* [Your goal] Go through the data below and transcribe it exactly. Omit the images.

* [Input data]
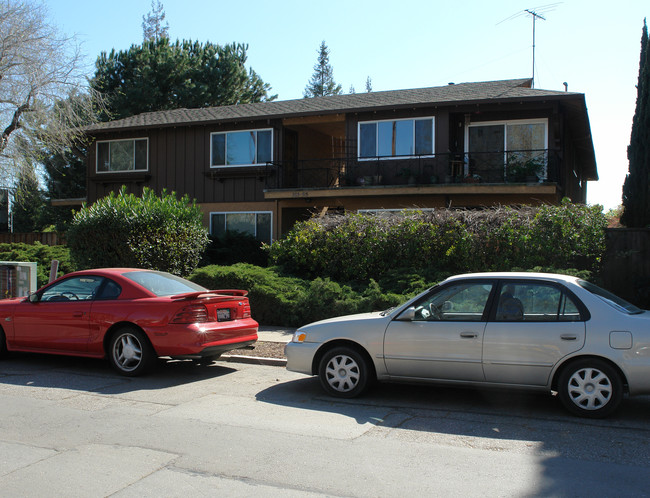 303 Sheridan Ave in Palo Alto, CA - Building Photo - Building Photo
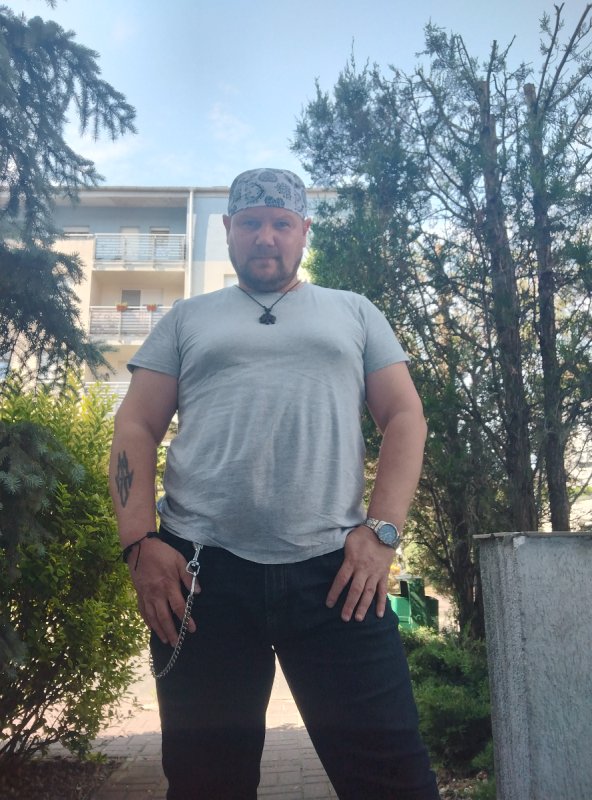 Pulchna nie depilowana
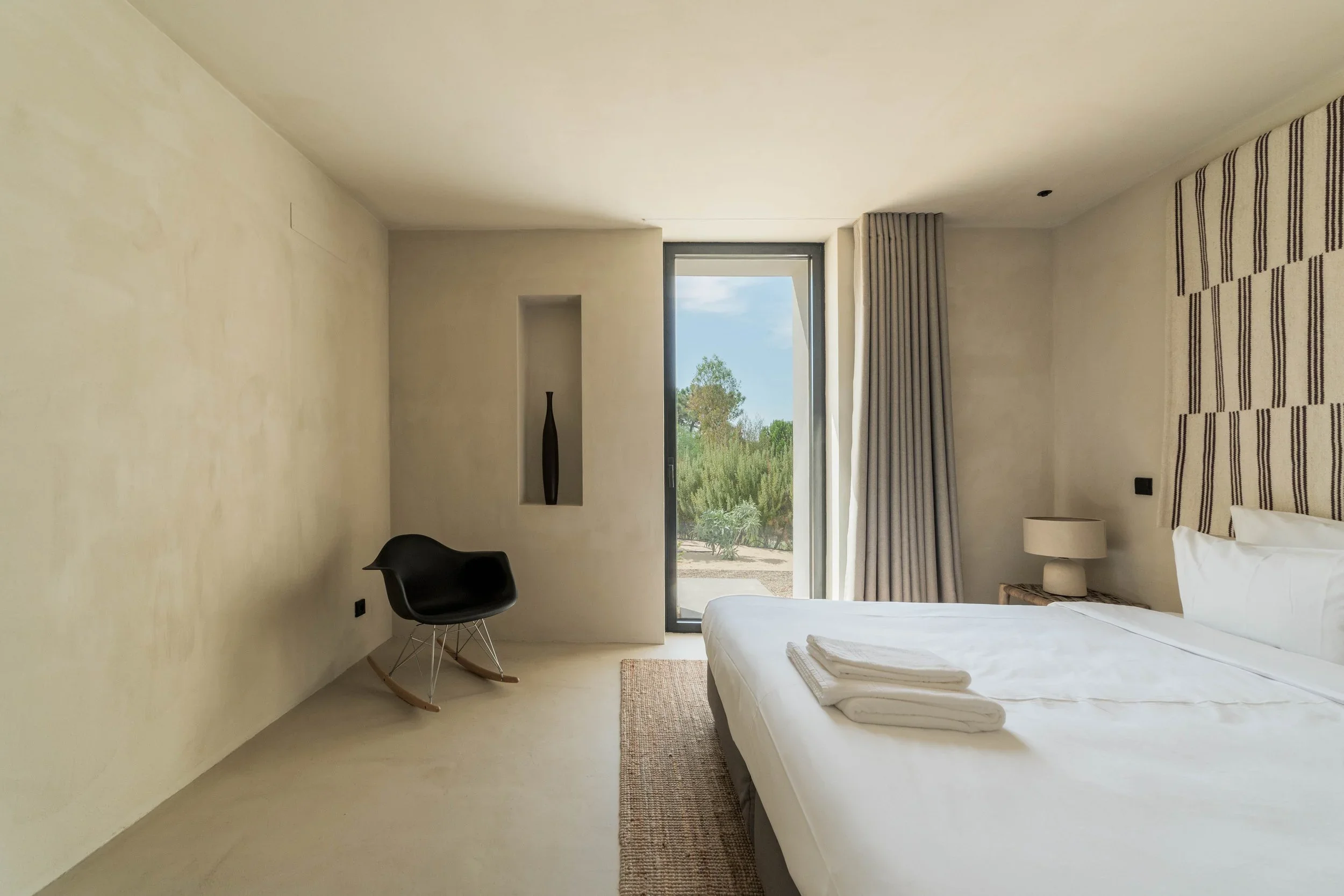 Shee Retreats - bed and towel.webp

* [Response]
 303 Sheridan Ave in Palo Alto, CA - Building Photo - Building Photo
 Pulchna nie depilowana
 Shee Retreats - bed and towel.webp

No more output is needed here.